Esto cada día se me hace más familiar. Más cómodo. Más hermano. Algunos dicen que me dejo llevar por la falsa seguridad del recién llegado. La carretera a Robertsfield parece más corta y el camino a la escuela más llevadero. Cuando llueve me parece que es más fácil identificar los baches para poder evitarlos. Después de una semana lloviendo me parece más fácil hacerlo cuando la carretera está seca.
Hoy he tenido una regresión al pasado. Algunos ya lo sabéis. Para otros será completamente nuevo. Me crié en un pequeño pueblo de Orense donde mis padres tenían una granja. A decir verdad no era exactamente una granja, era un cortello, como lo llaman allí, lo que significa que básicamente vivíamos de la agricultura. Unos cuentos animales, tierras para trabajar y un modesto sueldo que mi padre obtenía trabajando como peón para algunas constructoras de carreteras. Eso era lo que teníamos. Eso es de dónde vengo.
Es curioso mirar atrás y reconocer en las cosas que te pasan ahora algunas que has vivido ya. En mi caso en el pueblo. Ese del que os hablaba.
Hoy he recordado momentos que hacía tiempo no recordaba. Cargar, recoger heno, cortar remolacha, ayudar a ordeñar, las noches con mi abuela y con mi madre, charlando, las noches que mi padre pasaba fuera de casa haciendo guardias. Había que trabajar fuera de la manera que fuera porque vender leche y algún que otro conejo no daba para todo lo que se necesitaba en casa y estudiar a la niña. La niña era yo. Soy yo. Aunque ahora ya no soy tan niña. Cumpliré 38 años este mismo, como dice mi abuela “se Dios me deixa chegar”. Y la niña estudió y llegó lo lejos que pudo o que supo. De no haber sido por mis padres no hubiera podido llegar.
Hablando de Dios, hoy cuando recogí a EJ no llovía. Comenzó a llover a la altura de Marshall junction y unas millas más allá de repente paró. Íbamos en silencio. EJ y yo nos llevamos bien. Me gusta esta mujer. Es seria. Es razonable. Es lista. Respetuosa. En el coche hablamos lo justo. Ambas disfrutamos del viaje. Yo conduciendo. Ella viendo el paisaje que seguro ha visto infinidad de veces y que seguro (pienso yo cuando la miro) le traerá también los recuerdos de su infancia, antes de la guerra y otros mucho más dolorosos, durante y después de la guerra.
Inmediatamente después de entrar en área de no lluvia se rompió ese silencio y ella dijo: “Thanks God.

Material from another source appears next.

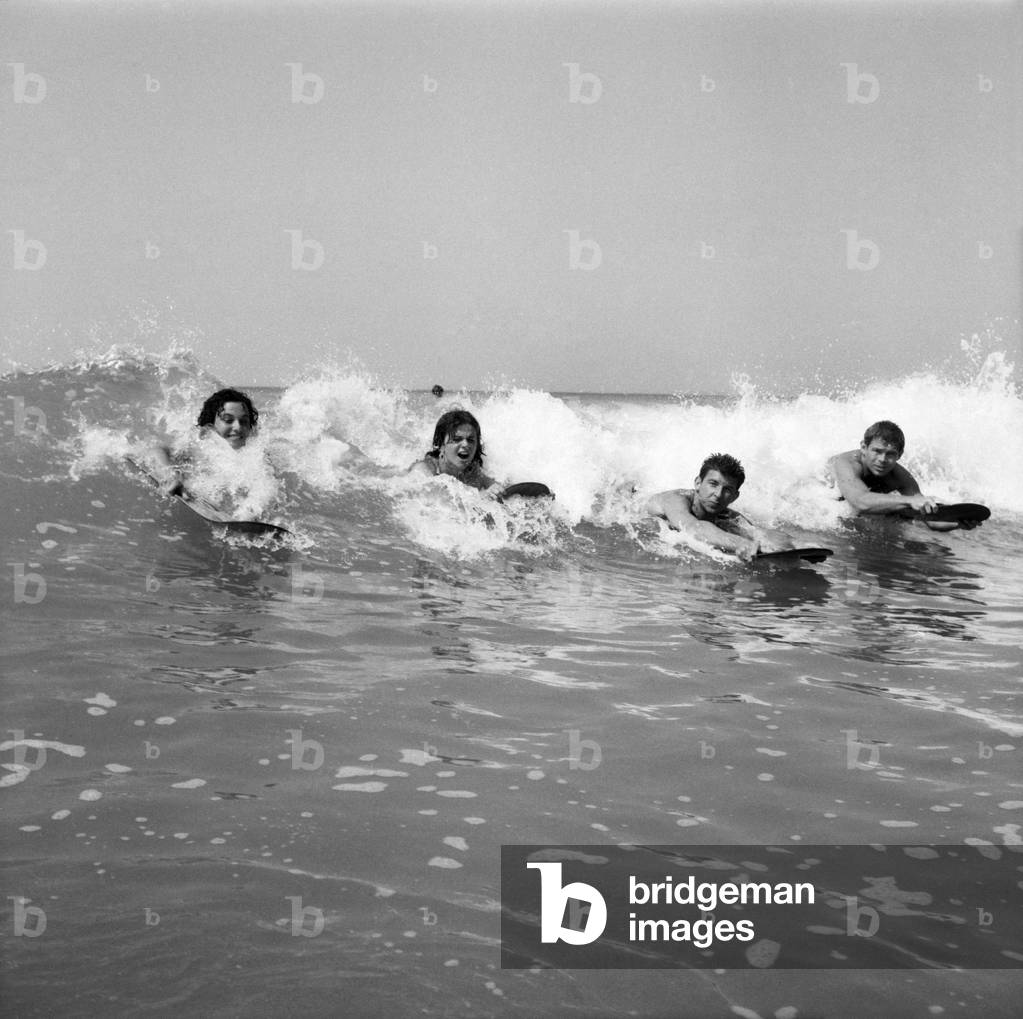 Women body boarding in the surf at Newquay June 1960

It has sttoped raining. God is wonderful. God is big”. No hizo falta decir nada. Mantuvimos nuestro compartido silencio. Las ventanillas bajadas y el viento, revolviendo mi pelo y suavizando su cara. Esbocé una sonrisa. Tuve dos sensaciones al mismo tiempo. La primera, la más rápida. La inmediata. La tristeza que produce la ignorancia identificada. Dios es capaz hasta de explicar los fenómenos meteorológicos!!, pensé sarcástica, claro. De no haber estudiado meteorología estaría rompiendo nuestro silencio para darle la razón?. Y la segunda, un poco más lenta pero la más duradera, el respeto por aquellos que creen y por la paz que ello les brinda, creas o no tú también.